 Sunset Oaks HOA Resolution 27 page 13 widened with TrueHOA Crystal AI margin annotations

=======

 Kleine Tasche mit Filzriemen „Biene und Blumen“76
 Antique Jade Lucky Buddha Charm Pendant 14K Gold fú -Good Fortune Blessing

=======

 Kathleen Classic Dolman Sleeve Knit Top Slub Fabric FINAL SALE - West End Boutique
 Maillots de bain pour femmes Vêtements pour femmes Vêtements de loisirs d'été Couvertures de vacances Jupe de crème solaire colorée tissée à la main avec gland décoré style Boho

=======

- _TASK INSTRUCTIONS_
Print, without alteration, only the lines above between the one holding "Kathleen Classic Dolman" and the one holding "Maillots de bain", inclusive.

- _TASK ANSWER_
 Kathleen Classic Dolman Sleeve Knit Top Slub Fabric FINAL SALE - West End Boutique
 Maillots de bain pour femmes Vêtements pour femmes Vêtements de loisirs d'été Couvertures de vacances Jupe de crème solaire colorée tissée à la main avec gland décoré style Boho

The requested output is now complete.